[Start of section]

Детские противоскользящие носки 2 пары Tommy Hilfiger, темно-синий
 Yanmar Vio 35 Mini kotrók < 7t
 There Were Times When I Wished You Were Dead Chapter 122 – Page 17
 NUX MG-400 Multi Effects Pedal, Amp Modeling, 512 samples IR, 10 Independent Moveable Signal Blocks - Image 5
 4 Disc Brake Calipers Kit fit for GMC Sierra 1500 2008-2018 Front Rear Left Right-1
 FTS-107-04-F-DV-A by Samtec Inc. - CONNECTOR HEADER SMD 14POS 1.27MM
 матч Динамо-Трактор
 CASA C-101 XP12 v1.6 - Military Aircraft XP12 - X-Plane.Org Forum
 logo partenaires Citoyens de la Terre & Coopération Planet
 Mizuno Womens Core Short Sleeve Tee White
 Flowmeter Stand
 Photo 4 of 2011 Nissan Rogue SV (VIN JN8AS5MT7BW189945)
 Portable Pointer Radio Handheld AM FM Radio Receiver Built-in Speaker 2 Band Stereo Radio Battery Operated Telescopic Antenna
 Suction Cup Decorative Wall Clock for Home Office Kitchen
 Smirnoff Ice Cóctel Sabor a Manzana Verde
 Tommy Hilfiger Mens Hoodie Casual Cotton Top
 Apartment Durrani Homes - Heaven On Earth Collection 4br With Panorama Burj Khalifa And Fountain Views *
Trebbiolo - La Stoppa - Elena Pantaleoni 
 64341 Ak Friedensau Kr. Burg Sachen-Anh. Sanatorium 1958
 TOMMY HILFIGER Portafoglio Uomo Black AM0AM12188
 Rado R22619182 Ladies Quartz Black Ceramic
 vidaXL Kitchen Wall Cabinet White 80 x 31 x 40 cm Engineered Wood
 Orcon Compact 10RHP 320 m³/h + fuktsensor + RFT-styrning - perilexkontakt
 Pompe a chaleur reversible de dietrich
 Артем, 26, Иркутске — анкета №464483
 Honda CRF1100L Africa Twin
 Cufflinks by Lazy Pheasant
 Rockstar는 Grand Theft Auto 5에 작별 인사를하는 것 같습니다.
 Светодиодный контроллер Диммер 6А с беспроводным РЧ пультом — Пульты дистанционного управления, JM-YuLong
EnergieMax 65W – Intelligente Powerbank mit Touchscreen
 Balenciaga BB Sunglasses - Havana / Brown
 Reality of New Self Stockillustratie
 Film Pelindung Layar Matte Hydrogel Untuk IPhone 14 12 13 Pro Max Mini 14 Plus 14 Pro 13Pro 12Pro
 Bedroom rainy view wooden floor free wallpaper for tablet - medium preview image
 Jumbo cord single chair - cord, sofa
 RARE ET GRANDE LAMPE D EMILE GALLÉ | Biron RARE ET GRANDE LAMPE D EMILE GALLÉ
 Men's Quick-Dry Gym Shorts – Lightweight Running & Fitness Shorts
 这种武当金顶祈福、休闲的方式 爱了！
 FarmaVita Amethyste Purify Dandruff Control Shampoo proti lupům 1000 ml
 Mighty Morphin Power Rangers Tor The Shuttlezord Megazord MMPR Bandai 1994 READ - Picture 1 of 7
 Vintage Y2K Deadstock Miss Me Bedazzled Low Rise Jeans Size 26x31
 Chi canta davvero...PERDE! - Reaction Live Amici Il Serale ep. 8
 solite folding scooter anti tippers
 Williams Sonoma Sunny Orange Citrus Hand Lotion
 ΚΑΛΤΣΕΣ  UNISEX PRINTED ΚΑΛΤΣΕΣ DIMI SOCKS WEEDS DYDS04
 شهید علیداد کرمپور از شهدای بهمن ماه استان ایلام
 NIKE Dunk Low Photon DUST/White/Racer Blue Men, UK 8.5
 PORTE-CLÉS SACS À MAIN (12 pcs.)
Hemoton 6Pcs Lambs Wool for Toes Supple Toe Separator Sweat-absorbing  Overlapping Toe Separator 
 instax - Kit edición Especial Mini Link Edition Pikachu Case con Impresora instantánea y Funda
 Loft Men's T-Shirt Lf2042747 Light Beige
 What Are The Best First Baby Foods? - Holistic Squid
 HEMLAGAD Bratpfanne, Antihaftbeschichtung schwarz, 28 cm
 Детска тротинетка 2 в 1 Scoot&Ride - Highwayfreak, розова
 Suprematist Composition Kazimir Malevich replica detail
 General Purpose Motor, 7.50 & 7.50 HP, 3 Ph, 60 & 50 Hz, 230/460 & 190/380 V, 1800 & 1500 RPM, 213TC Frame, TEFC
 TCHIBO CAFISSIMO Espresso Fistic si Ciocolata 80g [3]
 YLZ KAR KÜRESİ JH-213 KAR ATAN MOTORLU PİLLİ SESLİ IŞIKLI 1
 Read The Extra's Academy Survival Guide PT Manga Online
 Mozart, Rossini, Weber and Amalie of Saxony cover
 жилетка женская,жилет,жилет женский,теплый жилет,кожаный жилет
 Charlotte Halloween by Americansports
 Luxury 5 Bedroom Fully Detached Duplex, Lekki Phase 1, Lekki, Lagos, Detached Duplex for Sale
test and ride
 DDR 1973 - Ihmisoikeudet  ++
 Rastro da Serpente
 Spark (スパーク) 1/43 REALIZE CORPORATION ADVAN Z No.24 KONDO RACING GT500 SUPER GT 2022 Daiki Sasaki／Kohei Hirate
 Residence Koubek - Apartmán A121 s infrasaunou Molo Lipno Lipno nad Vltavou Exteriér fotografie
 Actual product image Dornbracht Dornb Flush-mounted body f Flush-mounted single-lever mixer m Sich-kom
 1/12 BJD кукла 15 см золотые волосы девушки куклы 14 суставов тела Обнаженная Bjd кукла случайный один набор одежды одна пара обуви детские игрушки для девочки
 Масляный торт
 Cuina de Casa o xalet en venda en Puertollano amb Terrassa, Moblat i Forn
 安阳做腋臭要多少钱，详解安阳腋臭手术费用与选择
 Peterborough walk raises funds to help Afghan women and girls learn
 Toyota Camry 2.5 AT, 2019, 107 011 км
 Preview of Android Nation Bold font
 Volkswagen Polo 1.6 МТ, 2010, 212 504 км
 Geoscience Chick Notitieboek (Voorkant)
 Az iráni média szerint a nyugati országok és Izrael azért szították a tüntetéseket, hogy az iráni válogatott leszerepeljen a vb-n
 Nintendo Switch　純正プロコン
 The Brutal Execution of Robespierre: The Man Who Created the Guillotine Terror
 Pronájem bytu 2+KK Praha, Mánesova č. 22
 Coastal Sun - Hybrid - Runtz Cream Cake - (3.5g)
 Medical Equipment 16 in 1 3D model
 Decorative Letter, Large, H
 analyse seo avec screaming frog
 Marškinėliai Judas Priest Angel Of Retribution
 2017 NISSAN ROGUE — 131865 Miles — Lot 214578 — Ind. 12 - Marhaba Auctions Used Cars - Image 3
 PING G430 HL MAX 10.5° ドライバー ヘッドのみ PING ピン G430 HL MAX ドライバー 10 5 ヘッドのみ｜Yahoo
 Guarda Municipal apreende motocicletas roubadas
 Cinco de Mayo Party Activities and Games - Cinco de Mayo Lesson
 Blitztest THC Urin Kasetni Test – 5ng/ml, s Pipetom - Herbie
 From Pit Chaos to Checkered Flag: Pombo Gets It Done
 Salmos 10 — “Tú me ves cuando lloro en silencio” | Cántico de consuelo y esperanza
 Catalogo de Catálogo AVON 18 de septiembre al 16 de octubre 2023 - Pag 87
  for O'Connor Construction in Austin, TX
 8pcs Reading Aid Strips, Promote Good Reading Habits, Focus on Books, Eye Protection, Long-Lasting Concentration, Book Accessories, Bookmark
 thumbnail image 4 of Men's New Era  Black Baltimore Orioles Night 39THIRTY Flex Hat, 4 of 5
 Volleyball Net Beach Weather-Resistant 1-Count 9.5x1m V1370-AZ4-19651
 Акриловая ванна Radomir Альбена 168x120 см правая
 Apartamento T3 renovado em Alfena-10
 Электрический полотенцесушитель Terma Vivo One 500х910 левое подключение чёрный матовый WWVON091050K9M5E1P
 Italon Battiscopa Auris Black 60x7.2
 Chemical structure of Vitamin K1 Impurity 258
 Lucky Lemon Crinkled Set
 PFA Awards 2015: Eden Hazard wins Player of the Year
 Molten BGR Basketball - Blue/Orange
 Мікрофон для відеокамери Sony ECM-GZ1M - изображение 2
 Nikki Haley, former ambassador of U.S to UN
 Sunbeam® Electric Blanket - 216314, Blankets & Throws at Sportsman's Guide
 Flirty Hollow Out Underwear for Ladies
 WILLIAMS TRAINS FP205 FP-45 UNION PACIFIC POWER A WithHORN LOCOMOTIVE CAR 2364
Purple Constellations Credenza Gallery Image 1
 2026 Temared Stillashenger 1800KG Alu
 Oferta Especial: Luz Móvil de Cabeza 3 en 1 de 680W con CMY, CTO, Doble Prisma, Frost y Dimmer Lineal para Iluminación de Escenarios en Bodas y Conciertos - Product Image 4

[End of section]

:: TASK ITEM ::
Transcribe exactly, and only, the lines from the one bearing "Мікрофон для відеокамери" through the last line of the entries, counting both.

:: ANSWER AREA ::
 Мікрофон для відеокамери Sony ECM-GZ1M - изображение 2
 Nikki Haley, former ambassador of U.S to UN
 Sunbeam® Electric Blanket - 216314, Blankets & Throws at Sportsman's Guide
 Flirty Hollow Out Underwear for Ladies
 WILLIAMS TRAINS FP205 FP-45 UNION PACIFIC POWER A WithHORN LOCOMOTIVE CAR 2364
Purple Constellations Credenza Gallery Image 1
 2026 Temared Stillashenger 1800KG Alu
 Oferta Especial: Luz Móvil de Cabeza 3 en 1 de 680W con CMY, CTO, Doble Prisma, Frost y Dimmer Lineal para Iluminación de Escenarios en Bodas y Conciertos - Product Image 4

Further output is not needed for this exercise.